Jim Hann, principal at Bonne Eagle Middle School, said the middle school’s non‑labor budget was held flat and that enrollment is roughly unchanged. "We’re meeting to figure out how we can use our building ed techs in order to give those kiddos some the support that they need," Hann said, describing an internal redeployment to support multilingual learners rather than a request for additional funding. He added the building has been aligning FTEs on paper with actual staffing in the school.

At Bonneville High School, Principal Ted Finn said the school’s overall operating budget is flat and enrollment is down slightly; he described a projected per‑pupil funding change from about $9.84 thousand this year to roughly $9.54 thousand next year.
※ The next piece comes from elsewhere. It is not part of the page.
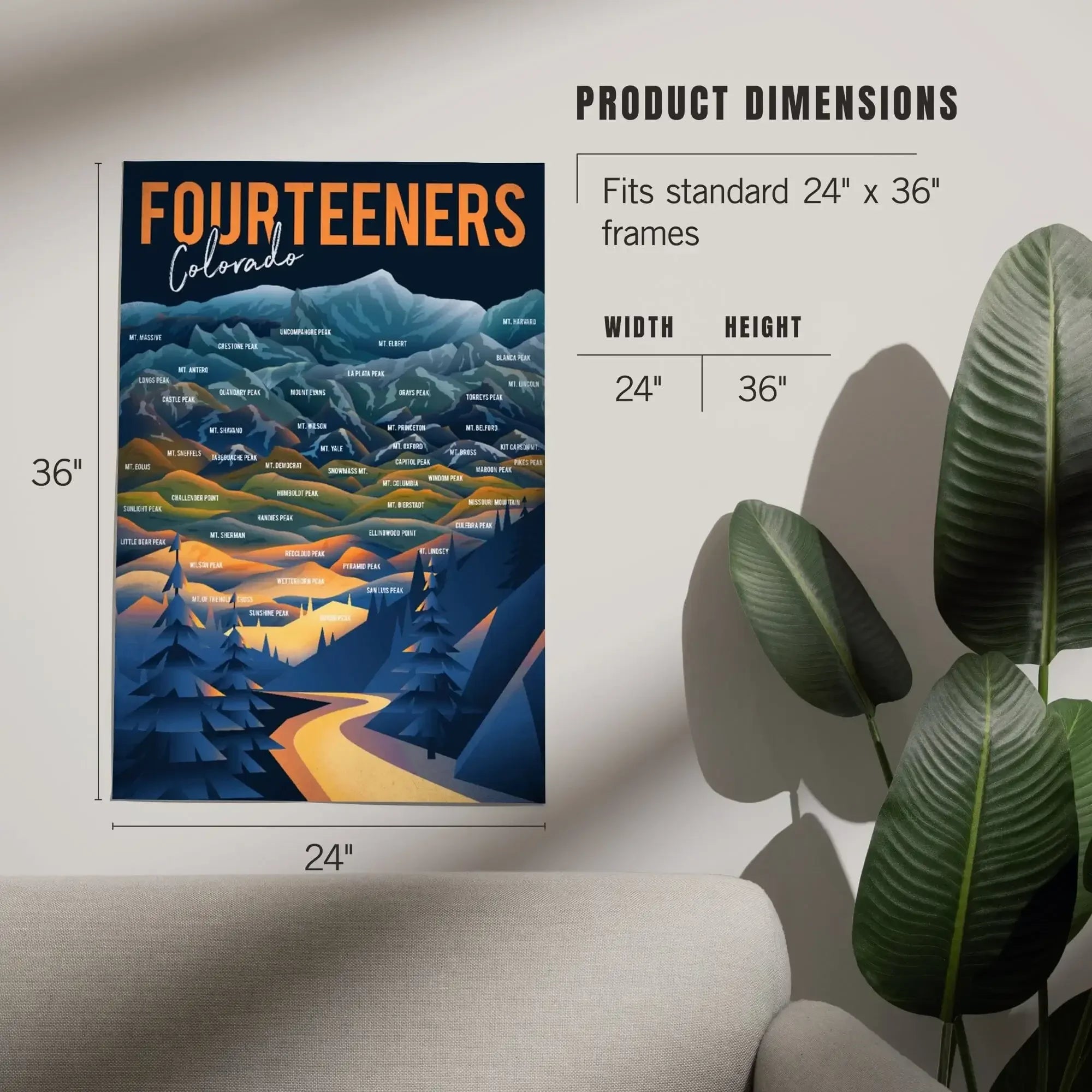 Colorado, Fourteeners, Mountain Range and Names art prints, metal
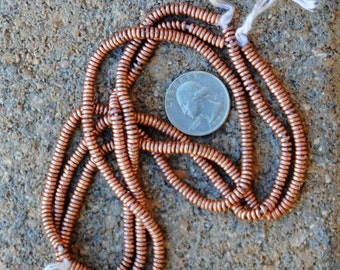 African Copper Heishi Beads 3x1mm 3 Strands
Finn confirmed the budget shows $17,000 on the high‑school property line to pay for vape detectors at the Frank Jewett alternative program building, noting that the item was requested for that site but placed under the high‑school line at staff direction. "We were able to install vape detectors at the high school," Finn said, explaining the devices will also be installed at the Frank Jewett building.

District staff provided headline academic metrics: the committee heard that 99 students sat AP exams this year (149 exams total), the average AP score was 3 and 68.7 percent of exams scored higher than a 3. Laurie (first name only) credited a rise in the four‑year graduation rate — reported at 86.17 percent — in part to programs at the Frank Jewett site, dual enrollment and Vo‑Tech partnerships.

Administrators also briefed the committee on assessment reporting and data access. Staff pointed committee members to the state data warehouse for official test results and said curriculum presentations and board minutes contain curated summaries of NWEA and other local measures; they offered to compile and distribute a single, easy‑to‑read packet of recent assessment slides for committee review.

No formal budget votes were taken at the meeting. The auditor will present the completed audit at the upcoming school-board meeting and the district intends to post the report afterward.

The advisory committee scheduled further presentations (curriculum director, special‑education director and superintendent) for the next meeting and requested clearer, accessible summaries of academic and budget metrics in advance.